* [Dataset records]:
******

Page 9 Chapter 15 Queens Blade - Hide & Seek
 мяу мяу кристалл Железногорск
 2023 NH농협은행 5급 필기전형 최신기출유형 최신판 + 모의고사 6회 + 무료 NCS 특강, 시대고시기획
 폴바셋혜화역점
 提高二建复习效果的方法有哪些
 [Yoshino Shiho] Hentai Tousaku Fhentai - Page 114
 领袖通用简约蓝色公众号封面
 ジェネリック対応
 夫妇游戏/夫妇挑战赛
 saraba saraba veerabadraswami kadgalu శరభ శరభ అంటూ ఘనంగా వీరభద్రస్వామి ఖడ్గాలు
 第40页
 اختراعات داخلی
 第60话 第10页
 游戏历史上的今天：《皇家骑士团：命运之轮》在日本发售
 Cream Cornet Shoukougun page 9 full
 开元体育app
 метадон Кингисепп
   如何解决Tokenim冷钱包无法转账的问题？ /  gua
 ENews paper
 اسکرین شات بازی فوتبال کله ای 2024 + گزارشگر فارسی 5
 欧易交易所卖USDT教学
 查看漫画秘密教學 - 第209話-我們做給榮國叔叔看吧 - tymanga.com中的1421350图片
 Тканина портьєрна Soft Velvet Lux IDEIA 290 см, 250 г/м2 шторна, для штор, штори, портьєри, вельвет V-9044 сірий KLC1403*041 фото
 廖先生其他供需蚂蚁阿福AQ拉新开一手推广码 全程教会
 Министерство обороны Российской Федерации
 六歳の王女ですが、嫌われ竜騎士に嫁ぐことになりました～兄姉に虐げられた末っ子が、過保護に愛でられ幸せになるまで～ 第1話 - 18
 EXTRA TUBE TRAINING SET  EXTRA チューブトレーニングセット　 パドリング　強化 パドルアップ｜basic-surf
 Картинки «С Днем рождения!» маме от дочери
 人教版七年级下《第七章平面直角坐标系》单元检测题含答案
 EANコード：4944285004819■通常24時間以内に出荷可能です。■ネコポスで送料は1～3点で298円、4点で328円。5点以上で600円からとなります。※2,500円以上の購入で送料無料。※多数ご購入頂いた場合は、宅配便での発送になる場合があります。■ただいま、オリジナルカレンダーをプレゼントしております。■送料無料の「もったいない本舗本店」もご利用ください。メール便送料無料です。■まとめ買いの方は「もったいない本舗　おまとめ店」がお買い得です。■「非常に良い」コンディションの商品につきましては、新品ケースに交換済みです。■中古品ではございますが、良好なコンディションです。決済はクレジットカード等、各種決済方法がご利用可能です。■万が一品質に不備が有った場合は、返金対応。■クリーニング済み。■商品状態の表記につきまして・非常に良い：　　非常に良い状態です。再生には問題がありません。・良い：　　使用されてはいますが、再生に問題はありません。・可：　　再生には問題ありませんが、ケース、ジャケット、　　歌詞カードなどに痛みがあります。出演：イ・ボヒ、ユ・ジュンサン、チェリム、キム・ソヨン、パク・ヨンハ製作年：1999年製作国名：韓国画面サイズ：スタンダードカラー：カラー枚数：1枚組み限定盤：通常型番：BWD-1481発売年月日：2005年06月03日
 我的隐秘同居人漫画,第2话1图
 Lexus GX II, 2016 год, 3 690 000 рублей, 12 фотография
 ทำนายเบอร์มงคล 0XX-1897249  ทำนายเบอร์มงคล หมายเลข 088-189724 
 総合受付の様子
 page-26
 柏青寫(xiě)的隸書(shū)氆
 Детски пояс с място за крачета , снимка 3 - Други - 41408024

******

* [Action item]: Restate the entries above word for word, beginning with their first line and ending with the line holding "ENews paper"; omit everything else.

* [Result of the task]:
Page 9 Chapter 15 Queens Blade - Hide & Seek
 мяу мяу кристалл Железногорск
 2023 NH농협은행 5급 필기전형 최신기출유형 최신판 + 모의고사 6회 + 무료 NCS 특강, 시대고시기획
 폴바셋혜화역점
 提高二建复习效果的方法有哪些
 [Yoshino Shiho] Hentai Tousaku Fhentai - Page 114
 领袖通用简约蓝色公众号封面
 ジェネリック対応
 夫妇游戏/夫妇挑战赛
 saraba saraba veerabadraswami kadgalu శరభ శరభ అంటూ ఘనంగా వీరభద్రస్వామి ఖడ్గాలు
 第40页
 اختراعات داخلی
 第60话 第10页
 游戏历史上的今天：《皇家骑士团：命运之轮》在日本发售
 Cream Cornet Shoukougun page 9 full
 开元体育app
 метадон Кингисепп
   如何解决Tokenim冷钱包无法转账的问题？ /  gua
 ENews paper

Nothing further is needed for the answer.